Task brief: Word for word, copy the lines beginning at the one with "FKF - Forum Kajian Fiqh icon" and ending at the last line below; pictures stay out.

Dataset section:
::::

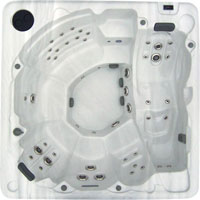 cp112silvertn.jpg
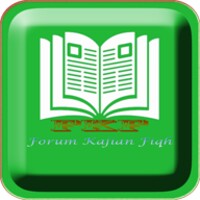 FKF - Forum Kajian Fiqh icon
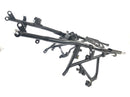 BMW R 1150 RT R22 [2001] - Heckrahmen Hinterrahmen Subframe-1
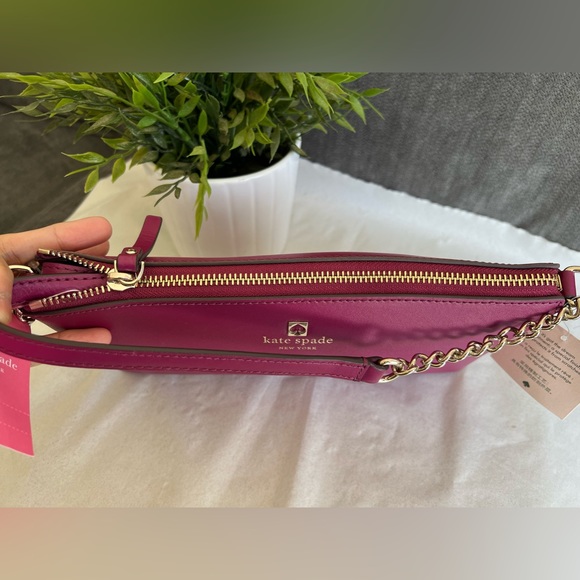 π KATE SPADE Sawyer Street Declan - Picture 2 of 10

::::

Answer box:
 FKF - Forum Kajian Fiqh icon
 BMW R 1150 RT R22 [2001] - Heckrahmen Hinterrahmen Subframe-1
 π KATE SPADE Sawyer Street Declan - Picture 2 of 10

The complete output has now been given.